This hasn’t worked too badly because >99% of the time taken in our resolvers is making requests to other services. But it sounds like using the same approach as the Absinthe async middleware, but with Task.yield and Task.shutdown instead of Task.await is the approach we should’ve taken.

I’m just wondering: the async middleware docs say it’s an example of building middleware. Is it something you use in production yourself? If so, how do you handle the timeouts gracefully?

I have another question.

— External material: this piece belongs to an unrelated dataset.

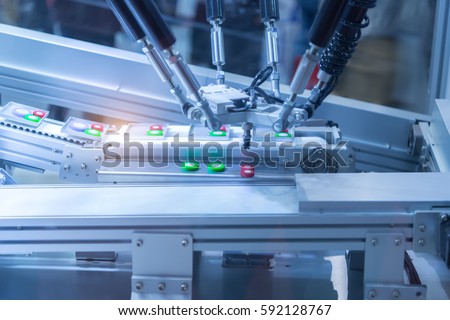 Automatic robot in assembly line working in factory. Smart factory industry 4.0 concept.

This code looks like an ideal use-case for Task.async_stream, and it isn’t hooked in via middleware.

  defp do_batching(input) do
    input
    |> Enum.group_by(&elem(&1, 0), &elem(&1, 1))
    |> Enum.map(fn {{batch_fun, batch_opts}, batch_data} ->
      system_time = System.system_time()
      start_time_mono = System.monotonic_time()

      task =
        Task.async(fn ->
          {batch_fun, call_batch_fun(batch_fun, batch_data)}
        end)

      metadata = emit_start_event(system_time, batch_fun, batch_opts, batch_data)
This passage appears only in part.